The Court of Appeal have today handed down their judgment in Morris v Metrolink RATP Dev Ltd. The case concerned automatic unfair dismissal under s.152 TULRCA 1992, confidential data leaks and misconduct. Changez Khan acted for the successful Appellant.
This was a difficult case: a trade union official was dismissed for using confidential information (a manager’s diary) as part of a collective grievance on his members’ behalf. The overall question was whether this was legitimate trade union activity and whether his dismissal had been automatically unfair (contrary to s.152 TULRCA 1992). The Claimant succeeded in the ET, but suffered a reverse in the EAT. Slade J took the stern view that his case had “only a very small percentage chance of success” and issued him with a costs warning. On a further appeal, Changez was able to persuade the Court of Appeal (unanimously) to overturn the EAT and restore the original result in Mr Morris’ favour.
The lead judgment was given by Underhill LJ. It engages with two issues:
(a) what is the protective scope of s.152 TULRCA 1992?
(b) more controversially, if an employee receives leaked confidential information is he under a duty to delete it?
In summary, the Court of Appeal held that:
(a) trade union activity enjoys protection under s.152 unless it is “wholly unreasonable” (which is a high threshold for disqualification);
(b) the recipient of a confidential data leak is not under an absolute duty to delete it – rather, every case turns on its own facts and Mr Morris’ use of the information was not improper.

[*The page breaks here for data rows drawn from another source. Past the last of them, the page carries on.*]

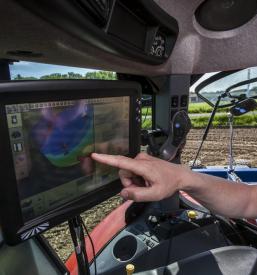 Pomoč na kmetiji s kmetijsko mehanizacijo Kočevska Reka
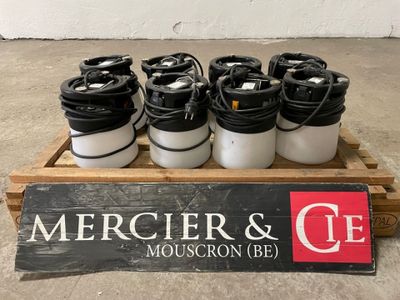six fûts de bière posés sur une caisse en bois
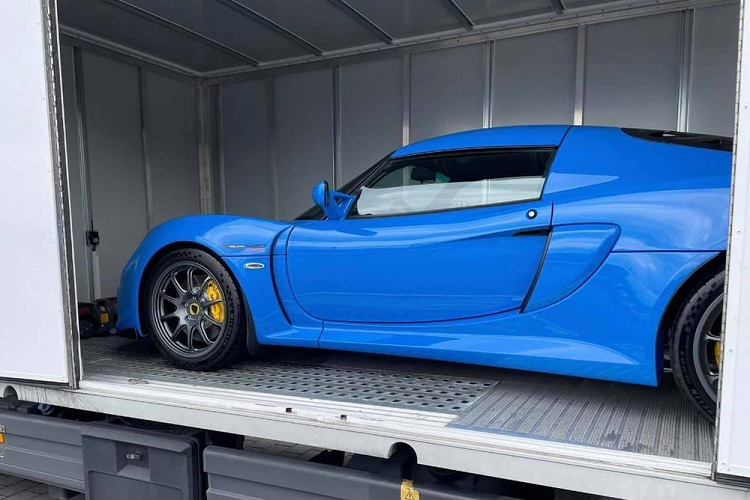 Ngoài màu sơn Daytona Blue, chiếc xe thể thao hàng hiếm Lotus Exige Sport 420 Final Edition đầu tiên về Việt Nam còn sở hữu rất nhiều chi tiết bằng sợi carbon, bộ mâm siêu nhỏ, siêu nhẹ sơn tông màu tối và cuối cùng là cánh gió đuôi cá tính.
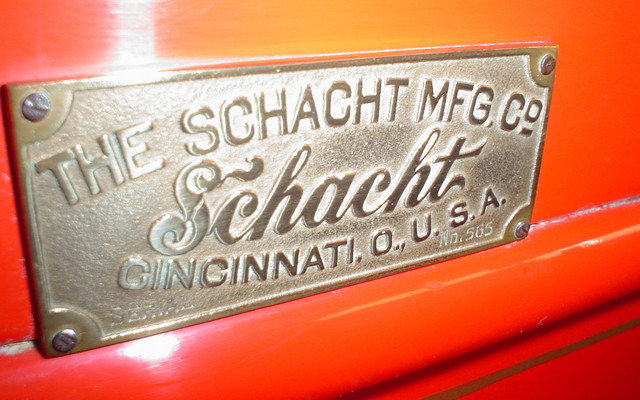 Schacht 1906. En 1906, cette Schacht coûtait 680$.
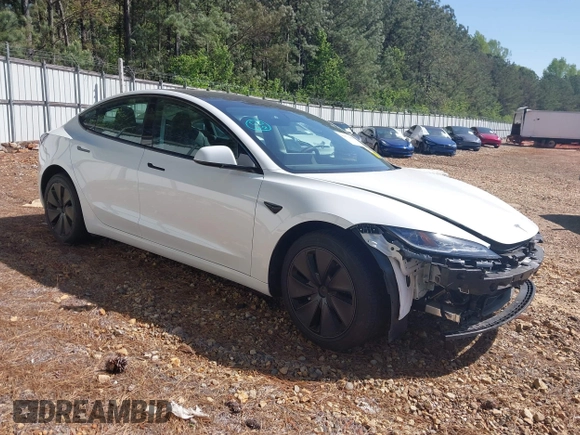 2024 Tesla Model 3 z VIN 5YJ3E1EA5RF732502, wystawiony jako IAAI lot #41871400 z przebiegiem 15 715 mil mil oraz . Historia ofert i sprzedaży dostępna na DreamBid. Obrazek 1.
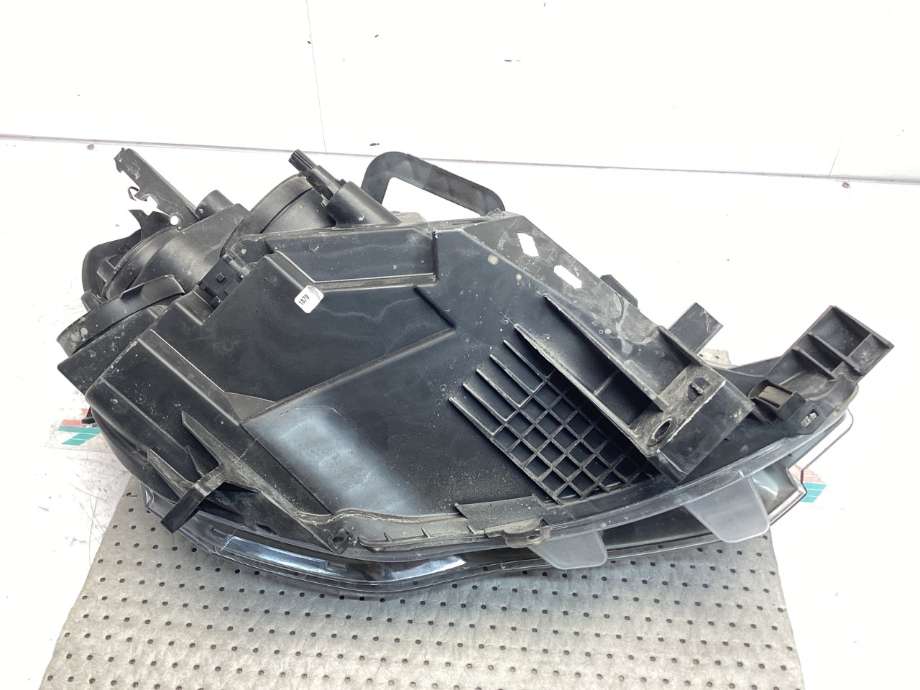 Frontlykt venstre halogen til Peugeot Partner 2015-2019 (Type II, Fase 2) (PEUGEOT|6208 K6|)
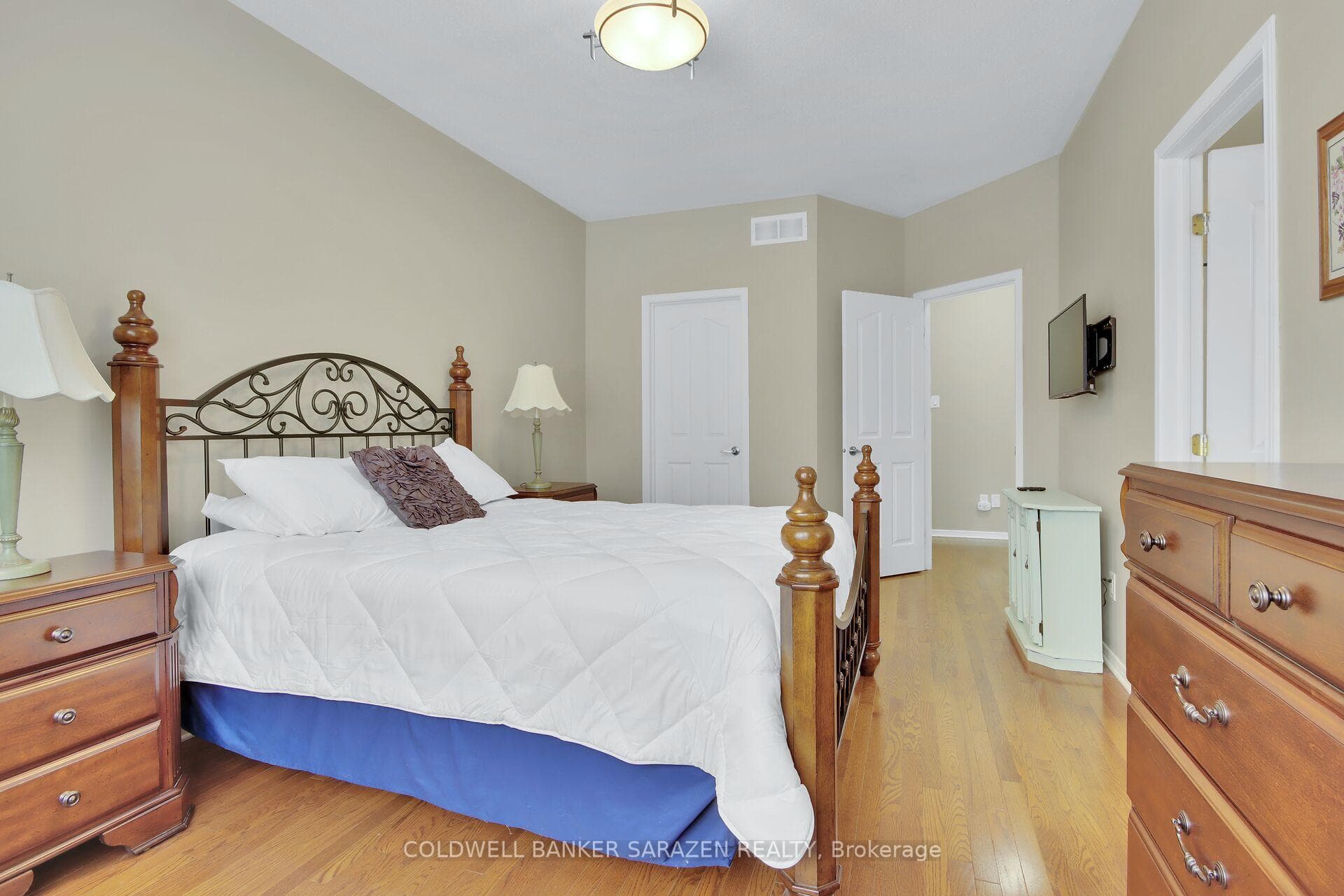 224 ALLGROVE Way photo 14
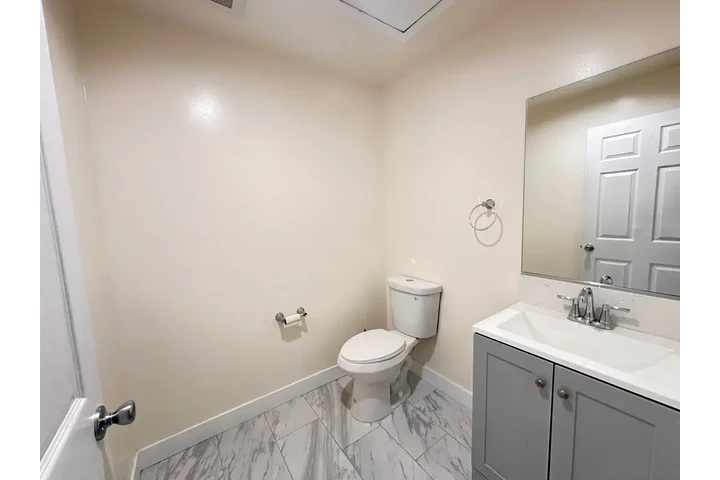 $1600 : Huntington Park - 3 Bed / 1.5 image 7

This is a significant case. It confirms the correct approach to s.152 TULRCA. It also has a wider importance for misconduct cases where data security is used as the basis for dismissal. It cautions employers against overreacting to data breaches and rushing to characterise them as gross misconduct. There are interesting questions for future cases. At what point does a data infraction amount to misconduct? When will a duty to delete confidential information arise? A nuanced approach is required and such questions will be highly fact-sensitive.